Unlock the wisdom of your group – host a “KJ” session for site architectureAdd a comment.
Site maps used to take us forever. Getting the product guy to agree with the marketing lady, not to mention the customer support team, was a matter of weeks and 10 or more revisions.
It's still a very challenging process and the best site maps are developed with thorough user research. But we stumbled on a great way to get a whole group to agree on site architecture quickly, that also helps people start thinking like end users rather than insiders.
The "KJ Method" was developed by Jiro Kawakita of Japan as a way for small groups to reach consensus on complex problems quickly. Organizations use it for things like strategic planning and problem solving. I learned it at a conference a few years ago, and then I thought, "Hmm, maybe this could work for site architecture?" So we tried it.
It works brilliantly. It's faster, can be done cheaply, and everyone has a voice. It is not an equivalent substitute for user research, but it is a great alternative when you don't have a big research budget.
The process goes like this:
- Gather 4-6 people for about an hour and a half. These people should represent your key audiences, or be very familiar with them. It may be wise to hold multiple sessions for different audiences.

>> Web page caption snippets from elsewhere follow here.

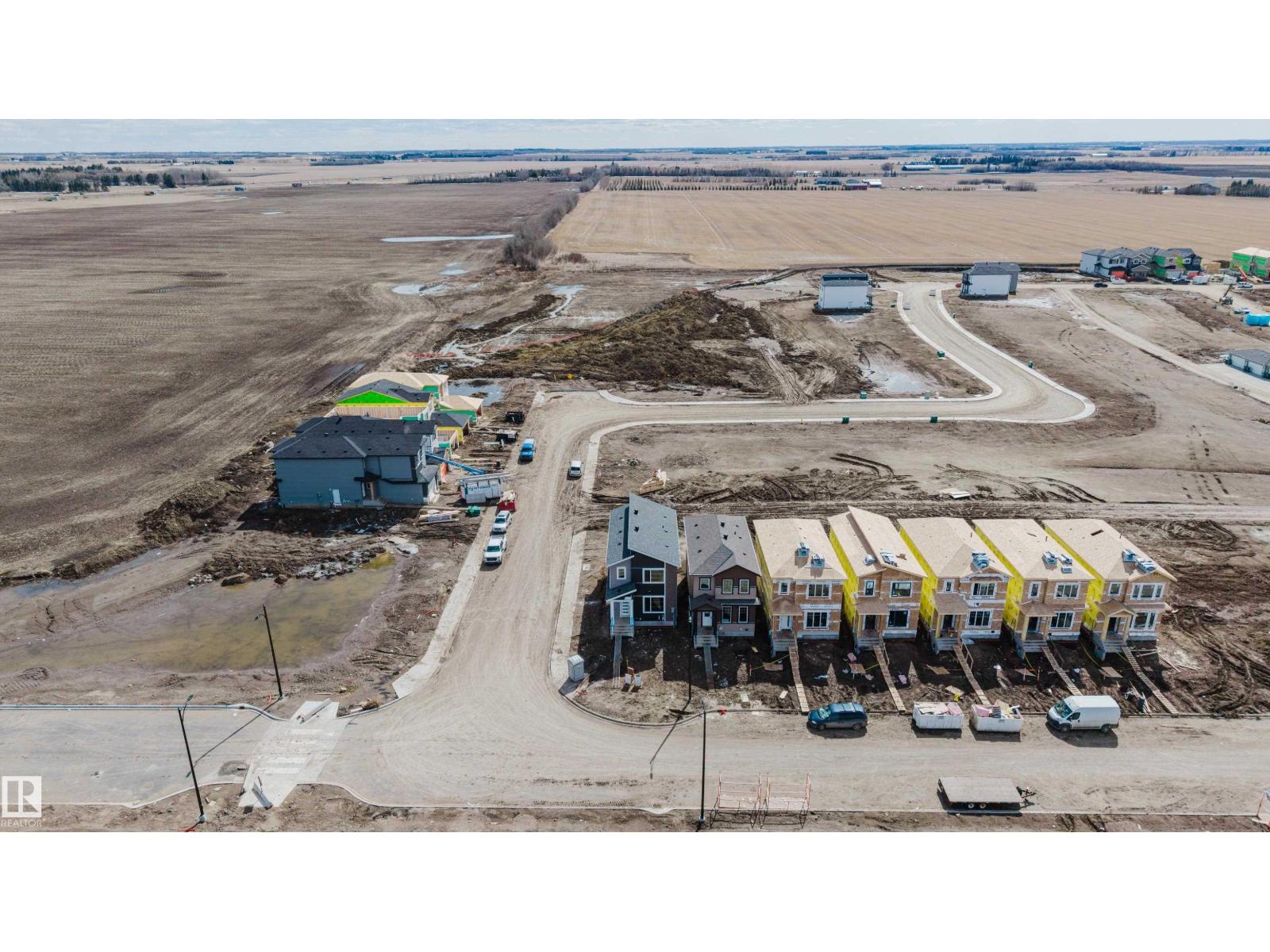 258 Black Stone Dr, Leduc, Alberta  T9E 1G2 - Photo 46 - E4483158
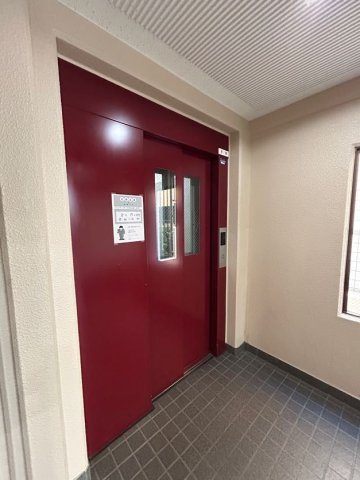 サンクラッソ湊川公園駅前のその他共用部分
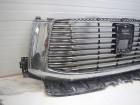 Tank 500 с 2021г Решетка радиатора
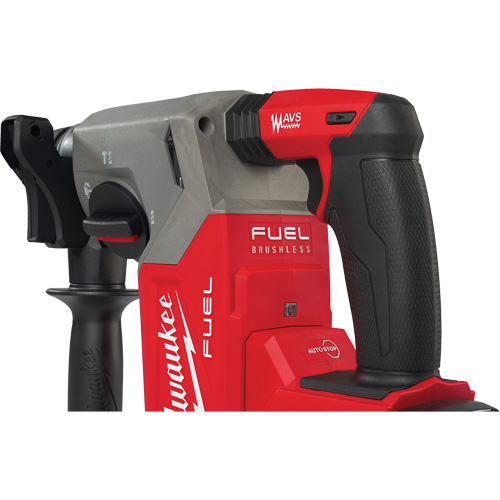 Marteau rotatif avec moteur sans balai Max XGT M18 Fuel (outil seulement), 18 V, 1", 2 lb-pi., 1330 tr/min Action Paper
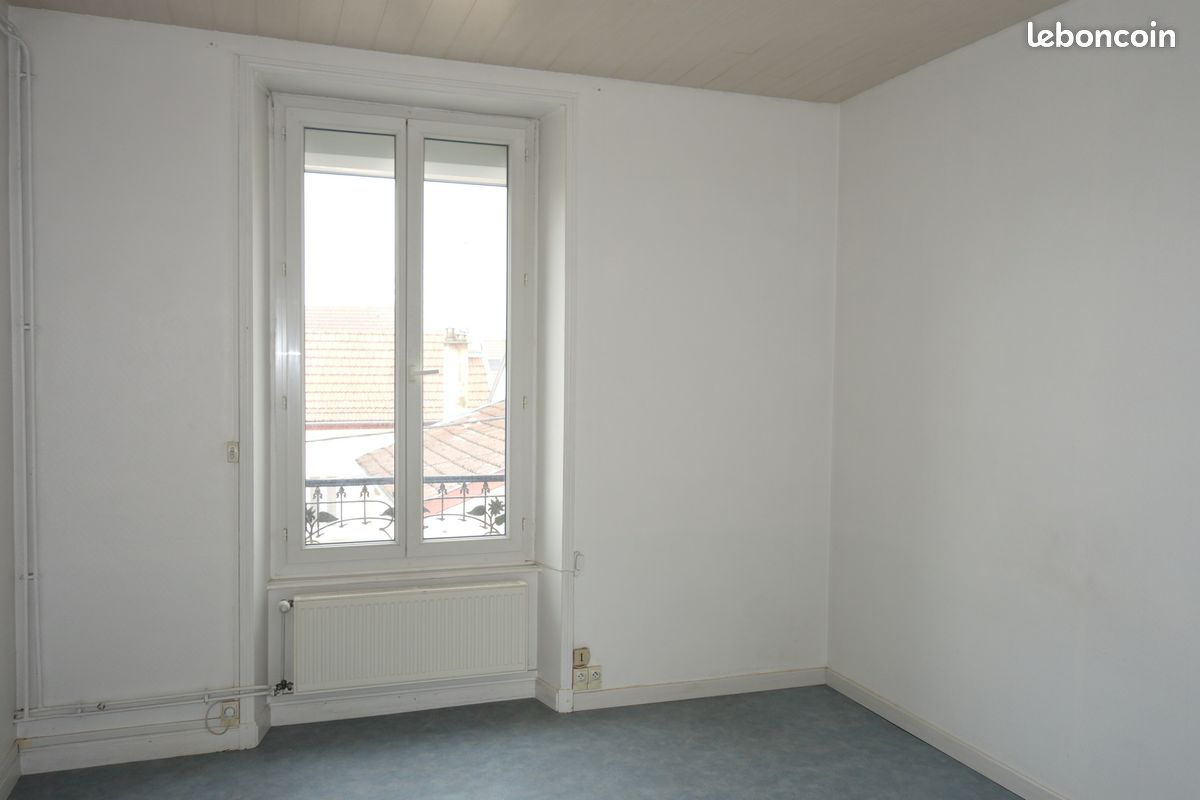 Appartement 2 pièces 44 m² · à Reims · 44 m² · 527 €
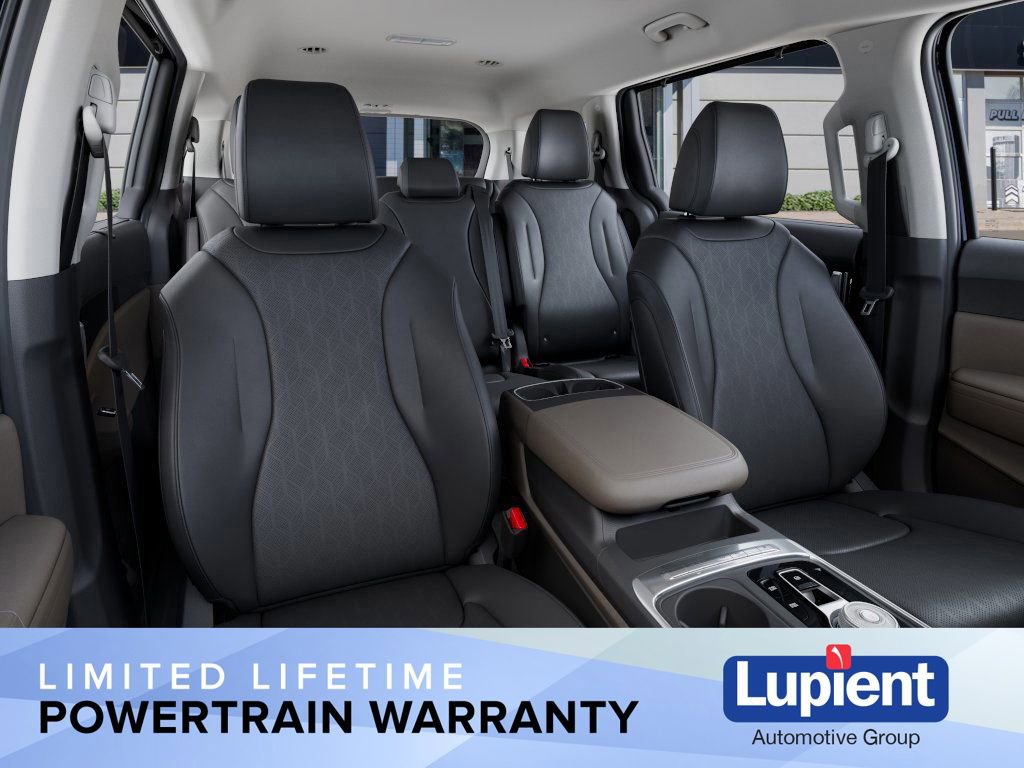 New 2026 Kia Carnival EX image 19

- Ask a focus question – "What would people come to this web site to FIND or DO?"
- Participants write as many answers as they can think of in 10-15 minutes, one per sticky note.
- Put sticky notes on the wall in a big blob.
- Without a lot of talking, the participants move related items together into groups. By "related," we mean the goals are related. One mistake people make is grouping items that have the same word in them, like "Forms." An "enrollment form" has a very different purpose than a "leave request form." If two post-its say exactly the same thing, put them on top of each other.
- Name the groups. Sometimes everyone suggests a name and then people vote on the best name.
- Vote on priorities. Which of these items is most important or needs the most attention? We give each participant 6 dot stickers which they can distribute in any manner they like, even putting multiple dots on something that's very important to them.
The end-result of each KJ session is:
- Participants are starting to think about their site from the end-user's perspective.
- You've created a prioritized list of user goals and tasks, some of which you had no idea about before. It's a short step from here to a site map
- It's obvious to everyone what content you do or don't have and where you need to spend your time.
- The whole group agrees on the outcome. No single participant dominates the conversation.